Dr Seidik Abba : « La Guinée a parfaitement réussi sa sortie de la transition militaire »
Universitaire et journaliste, Dr Seidik Abba est un spécialiste reconnu des enjeux sécuritaires et politiques au Sahel et en Afrique de l’Ouest, région à laquelle il a consacré de nombreux ouvrages : Mali/Sahel : notre Afghanistan à nous ? (paru en 2022 chez Impacts Éditions), Pour comprendre Boko Haram (paru en 2021 chez L’Harmattan) et Voyage au cœur de Boko Haram. Enquête sur le djihad en Afrique subsaharienne (paru en 2019 chez L’Harmattan). Depuis janvier 2023, il préside le Centre international de réflexions et d’études sur le Sahel (CIRES), un think tank basé à Paris.
Dans cet entretien, Dr Seidik Abba revient sur les enseignements de l’élection présidentielle du 28 décembre 2025 en Guinée et décrypte la manière dont le pays se prépare face à la menace terroriste déjà présente dans la sous-région.
Question : Quels enseignements peut-on tirer de la présidentielle du 28 décembre en Guinée ?
Réponse : Le scrutin présidentiel de dimanche dernier marque la fin de la transition que la Guinée a entamée en septembre 2021 après le coup d’État. Les opérations de vote ont été observées par des centaines d’observateurs nationaux et internationaux, une grande première dans le pays. Il ressort des premiers retours des missions d’observation que le scrutin s’est déroulé sans incidents, tout comme, ajoutent-elles, la campagne qui a été librement menée par les neuf candidats en lice, dont le général Mamadi Doumbouya, président de la transition.
Outre la protection rapprochée des candidats par les forces de défense et de sécurité, le Trésor public guinéen a mis la main à la poche pour les aider à battre campagne, ce qui n’est pas une pratique répandue sur le continent où, généralement, chacun fait campagne selon ses moyens, au détriment des candidats les plus modestes.
Le taux de participation de près de 85 %, donné par la Direction générale des élections, traduit un engouement massif des Guinéens et leur volonté de retour à l’ordre constitutionnel normal. Je rappelle au passage que la nouvelle Constitution a été adoptée avec près de 89 % des voix. Il reste désormais à attendre la proclamation des résultats provisoires et leur confirmation par les institutions habilitées.

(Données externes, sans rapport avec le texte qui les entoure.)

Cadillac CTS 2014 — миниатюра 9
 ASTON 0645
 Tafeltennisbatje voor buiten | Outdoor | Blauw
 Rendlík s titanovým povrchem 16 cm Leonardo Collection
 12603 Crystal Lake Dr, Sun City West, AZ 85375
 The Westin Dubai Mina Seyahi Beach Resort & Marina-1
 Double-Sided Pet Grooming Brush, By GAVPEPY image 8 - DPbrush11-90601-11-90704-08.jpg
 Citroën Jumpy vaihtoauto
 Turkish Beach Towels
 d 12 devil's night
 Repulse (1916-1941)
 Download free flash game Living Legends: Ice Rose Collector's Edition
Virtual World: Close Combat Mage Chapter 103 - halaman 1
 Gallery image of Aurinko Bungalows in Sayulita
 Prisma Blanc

Question : La transition qui s’achève aura finalement duré quatre années. Certains regrettent qu’elle ait duré aussi longtemps. Quel est votre avis dans ce débat ?
Réponse : Ce n’est pas tant la durée de la transition qui importe que son efficacité. Il ne sert à rien de faire une transition éclair qui ne pose pas les fondations d’institutions solides. Le choix de la Guinée a été de prendre le temps de repartir sur de nouvelles bases afin d’éviter, à long terme, un retour en arrière.
Sous le leadership du général Mamadi Doumbouya, le pays a mis à profit cette période pour lancer des projets structurants tels que Simandou 2040, comprenant notamment une mine de fer, une aciérie, un chemin de fer de près de 670 kilomètres et un nouveau port à Forécariah, près de Conakry. S’y ajoutent la construction d’infrastructures routières et de bonnes performances économiques ayant permis à la Guinée de devenir la deuxième économie d’Afrique francophone et d’accéder au statut de pays à revenu intermédiaire. Le pays a également renoué avec la communauté financière internationale, qui salue son dynamisme.
Question : Dans le contexte actuel de la menace sécuritaire grandissante en Afrique de l’Ouest, doit-on craindre pour la Guinée ?
Réponse : Il existe effectivement, chez les groupes armés terroristes, une volonté d’élargir leur menace du Sahel vers les pays du golfe de Guinée. Dans le cas de la Guinée, les autorités de transition ont anticipé ces risques en prenant plusieurs initiatives.
Les forces de défense et de sécurité ont été dotées de moyens sans précédent en matière d’équipement, de mobilité, de conditions de travail et de rémunération. La réorganisation des services de renseignement, à travers la création de la Communauté guinéenne du renseignement (CGR), ainsi que la mise en place d’unités antiterroristes spécialisées au sein de la gendarmerie et de la police, illustrent cette volonté de prévention.
Par ailleurs, l’arsenal législatif et réglementaire a évolué pour s’adapter à la menace, avec l’adoption de nouvelles lois visant à prévenir et réprimer les actes terroristes, le financement du terrorisme et le blanchiment des capitaux.